I think subconsciously it has always been in me that I wasn’t going to have children. But the decisive moment was when I was nine, and my godmother told me how children are born. I saw her with this gigantic baby bump, and I asked, “How is this going to get out of your body?” And she told me, through the same way it came in. Everyone was laughing so much, but I didn’t understand.
Once I understood a bit more about human reproduction, I was like, “This is not going to happen to me. This is barbaric”. I was pretty scared of it. Not only the fact that you’re carrying a life inside of you, but also the fact that your life becomes secondary. What you’re growing inside of you becomes the priority, and you’re just a host, a medium, a vehicle to bring some life into the world.
I grew up in a pretty conservative environment. I come from a tiny little village in Andalusia, in the south of Spain, where women are supposed to find a husband when they’re young, buy a house, form a big family… the whole heteronormative line. You could feel the pressure all the time, it was like preparation for having children. Everyone was staring at you, the way you were playing with your dolls: “Oh, she’s so caring, she’s going to be a great mother”. I’m such a loving, maternal person, and delicate, but in the end I was more focused on caring for animals. I was pretty confused because my environment was pushing me in one direction, and making me feel guilty for not wanting it.
I’ve been stubborn since I was very little, and always had very strong convictions about the way I wanted to lead my life. I was a natural leader, a secure person, and I really knew what I wanted. I never felt the need to, as we say in Spanish, “pass through the same hole as everyone else”. I can lead my own life and be perfectly happy as well. I respect you for your choices, so respect me for mine.
Both my sisters have children, and my family worries a lot about me not following the traditional path. Every time I go home, my dad asks, “When are you going to find a husband?” Back when he got married, a woman in such a small village could not survive on her own without a man. She was not allowed to work, so she had to depend on a man. They just cannot understand that I can support myself.
It’s hard for me, because my dad only asks me when I’m going to get married or when I’m going to have children. My career and my professional achievements are nothing to him. I’m like, “Hey dad, look at me. This is me during a conference. I wrote almost 200 pages for my thesis in English, which is not my native language. And I manage to speak German, and have survived in Berlin for 10 years…” But he’s blind to all that. I think he admires me a lot because I’m a very resourceful person, but he would like that I had this traditional life, so he could be at peace.
My elder sister came to visit me in Berlin with her husband and children, and she was actually impressed. Until that moment, she was pretty skeptical about my lifestyle, thinking of me as a poor little thing lost in a big city. Then she came here and saw that I was managing with everything, and lead a happy, satisfying life. She and my brother-in-law, I think they’re very happy with the path they chose, but they were not judgemental about mine and actually admire me.
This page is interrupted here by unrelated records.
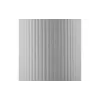 Vaso Ardesto Liguria, Gray (AR3803G)
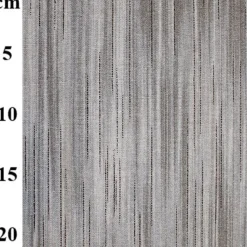 100% Cotton Fabric Pewter Distress JLC0297 - Sold by the Metre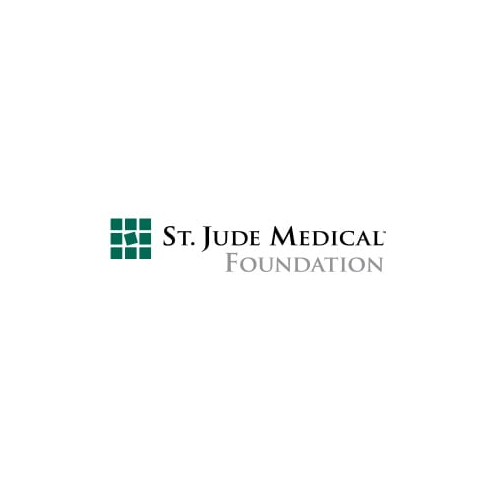 stjudemedical-foundation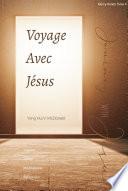 Voyage Avec Jésus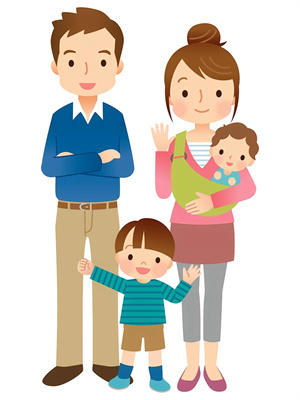 我靠系統，在九零年代整頓農村後續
I have friends my own age who say they are proud of me for doing what I’m doing, but that they’d be too scared to take their life in a different direction. And I have to admit that it wasn’t always easy. Nobody has given me anything for free, and I never took things for granted. I’ve lost my job many times, decided to study later in life, to change my career, my path. The German culture is so different, and I had to meld myself with the culture, in a way. And I decided to stay here in winter – terrible for a Mediterranean! Now I feel stronger and accomplished after going through all these difficulties. I’m happy and proud of myself.
We place a high value on motherhood when it comes to the life of a woman. In a way, we don’t think of women as individuals at all. We forget about their career aspirations, and only think of them as a carrier of life, which is a mistake. It’s important that we portray an image of happy and accomplished women who are doing great without any of that. There are little girls out there who are not dreaming about becoming mothers or having a family, but of being president of their countries, being leaders.
I really hope my story encourages people to take an unexplored and less easy path. It’s very satisfying in the end. Conversations like these are fostering a change. We aren’t just fostering a personal choice, but something that is affecting society, and politics. We need to hear more voices, to make women feel more confident and empowered in their choices. We need to see more people like us, and to support each other and be a community, so we can feel good about our choices.